In his account entitled Three years among the Indians and Mexicans General Thomson James records that "on the day of the celebrations (5 February1822) in San Felipe, a small Indian town 50 miles south of Santa Fe... a great crowd of people ...were adorned with coral beads of a brilliant red color ...... red coral was worth a hundred dollars per avoirdupois pound". In 1858 we learn from a report by the Federal troops that a Zuni Indian killed a Navajo woman and took her necklace of red coral worth $200, together with other precious stones particularly prized by the Indians, such as "only the rich" could afford. From the middle of the 19th century an important group of European and American businessmen had grown up in the Southwest dealing in imported products such as coral. These dealers played a vital role in the development of the artistic style of the Indians. They sought out the best local talents, encouraging them and promoting the sales of their creations.

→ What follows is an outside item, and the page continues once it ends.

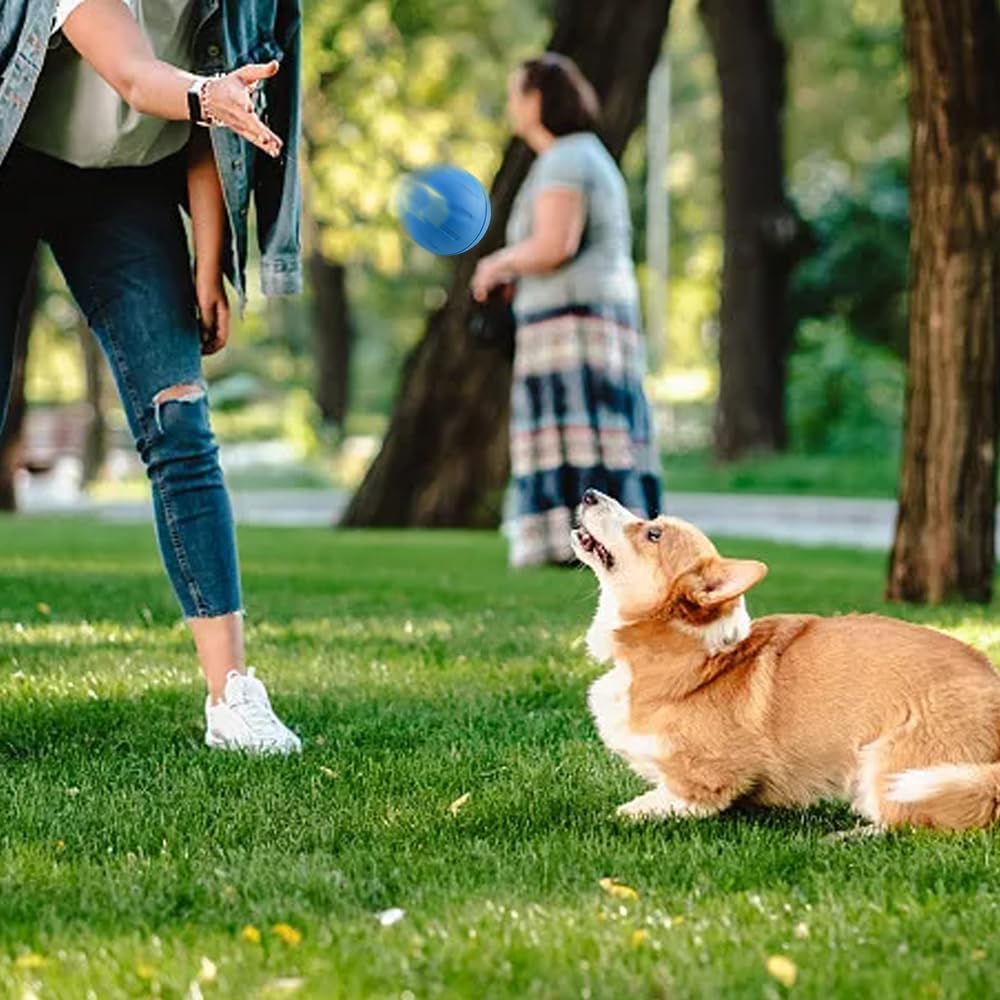 50% de réduction | WaggleBall ™ | Divertissement 24/7 pour votre animal de compagnie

For the Navajos in particular their artistic evolution was crucial in establishing a fruitful relationship with both the Anglo-American dealers and the other native groups.

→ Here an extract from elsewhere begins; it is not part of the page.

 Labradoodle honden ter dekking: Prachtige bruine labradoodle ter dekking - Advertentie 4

The company of S.A. Frost's Son, New York, founded in 1858 and importing products specifically for "Indian Traders", had close ties with the Genoese merchant Raffaele Costa in the closing decades of the 19th century. We find interesting annotations revealing the preferences of the Indians for certain specific types of coral in the correspondence now conserved in the archives of the renowned Torre firm of Basilio Liverino. The correspondence between Costa and American importers was acquired by the Cavalier Liverino as part of his purchase of the effects of the Genoese firm in the 1960s, an initiative which can be seen as part of the handing over of the tradition of coral working from Genoa to their counterparts in Torre del Greco. For example, a letter dated 22 April 1902 reads: hope you will send me dark red coral as I have repeatedly requested: that's what the Indians want. The pink shades are suitable for trade with the Whites, but the Indians only buy the dark type, so
l beg you not to send me any of the necklaces 996, 786, 1013, 1063, 938, 1006 in pink but all in intense rich red. Some thirteen years later, on 13 May 1913: "... l'm sorry, you have sent me the 2/8, 3 strands no. 3360. I don't think I’Il be able to sell them because they are too light in color for sale to the Indians and not the right shade for the Whites". In the Customs Regime for Coral in the United States for the year 1906, sent to Raffaele Costa by the Camera di Commercio ed Arti in Genoa at his specific request, we learn that prized coral imported into the USA was subject to import tax at the rate of 10% on the declared value. In those years there was a " resurgence in the use of jewelry" and "it is hoped it will prove possible to develop an industry for its manufacture in the United States". Furthermore, according to Federal statistics "the importing of crafted coral in the years 1904-1905 amounted to about 11,000 dollars, 4000 of which from Italy...and 3000 for raw coral". Frost was not the only dealer in the old West to stimulate the creativity of the natives by importing coral from ltaly. C.G. Wallace too fostered the development of this handicraft and had a considerable influence on the production of jewels. In 1927 he acquired his “trading post" in the Zuni village.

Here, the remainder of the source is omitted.